== Records shown ==

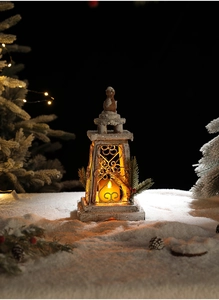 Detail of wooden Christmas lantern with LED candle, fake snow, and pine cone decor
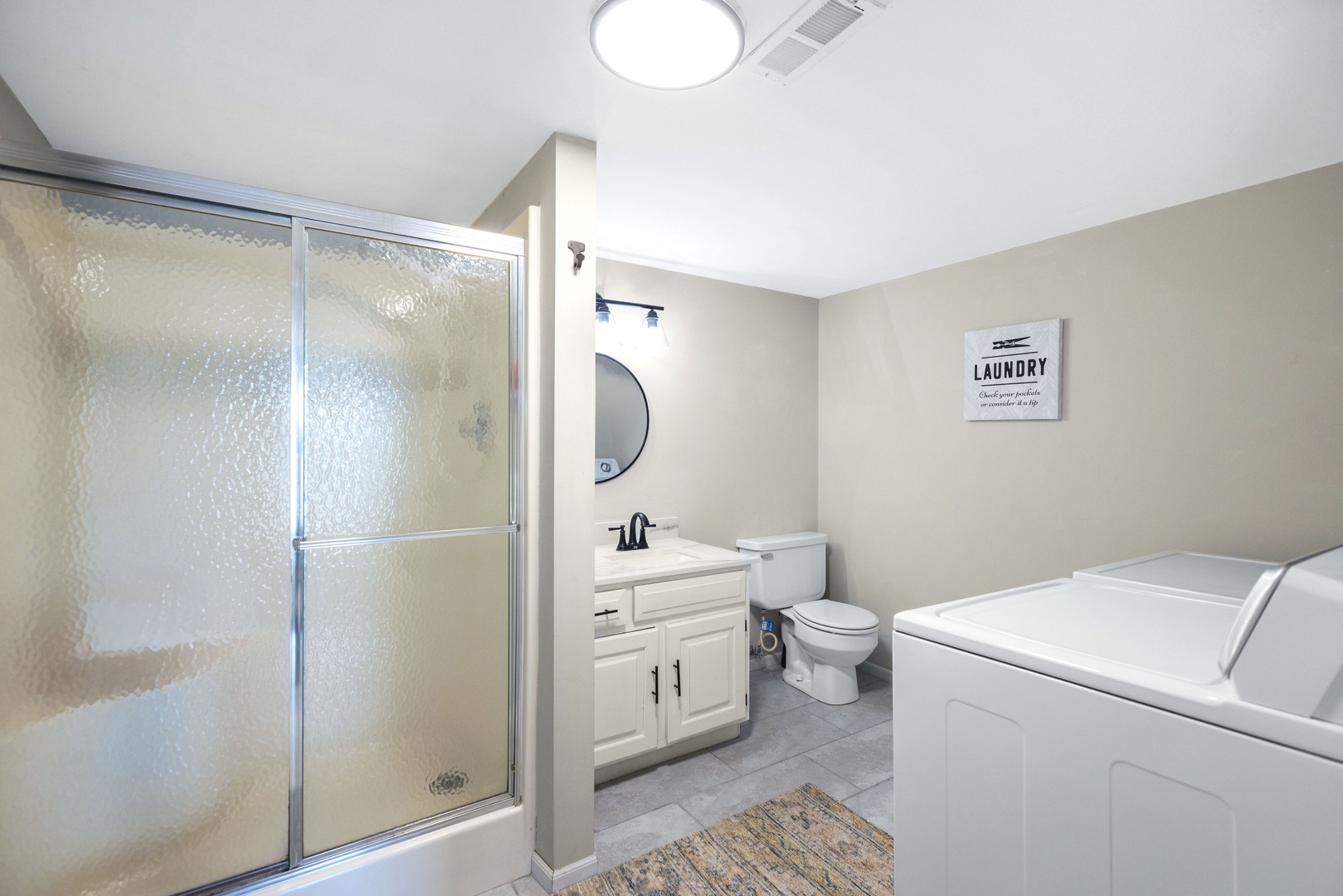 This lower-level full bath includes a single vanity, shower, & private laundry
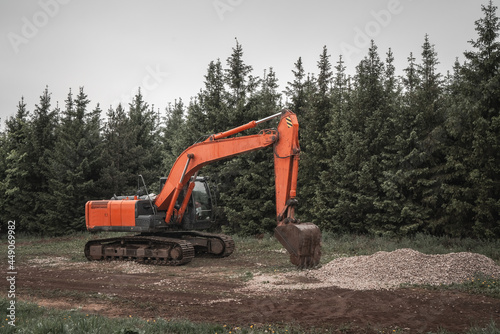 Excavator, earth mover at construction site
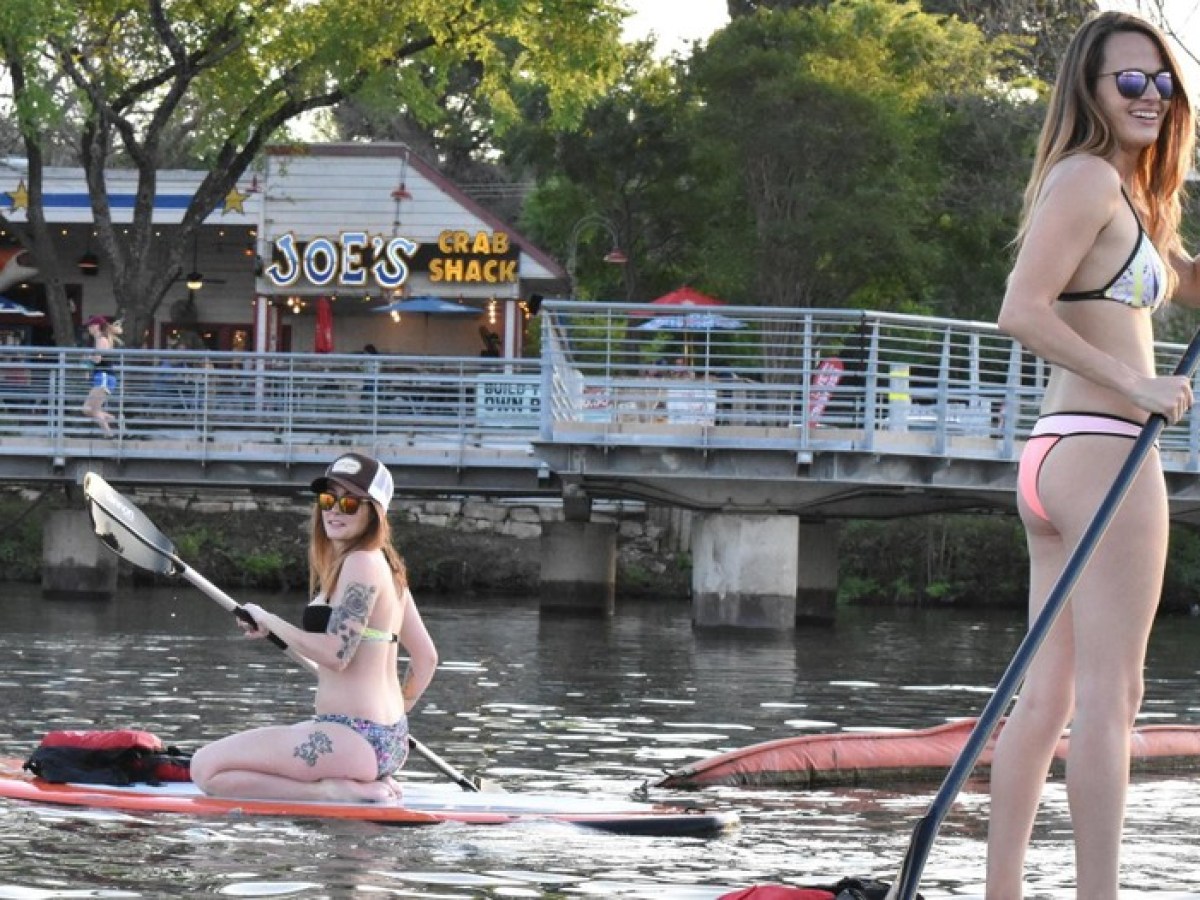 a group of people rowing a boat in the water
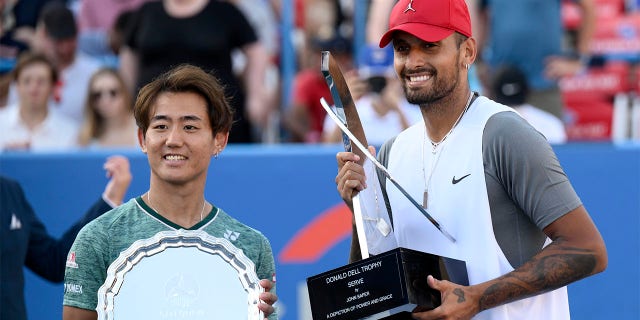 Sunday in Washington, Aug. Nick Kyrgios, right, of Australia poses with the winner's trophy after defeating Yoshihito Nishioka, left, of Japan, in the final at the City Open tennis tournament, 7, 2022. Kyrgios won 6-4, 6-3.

===

**Problem to work on**
The data above must be copied exactly. Leave out the pictures.

**Answer to this task**
 Detail of wooden Christmas lantern with LED candle, fake snow, and pine cone decor
 This lower-level full bath includes a single vanity, shower, & private laundry
 Excavator, earth mover at construction site
 a group of people rowing a boat in the water
 Sunday in Washington, Aug. Nick Kyrgios, right, of Australia poses with the winner's trophy after defeating Yoshihito Nishioka, left, of Japan, in the final at the City Open tennis tournament, 7, 2022. Kyrgios won 6-4, 6-3.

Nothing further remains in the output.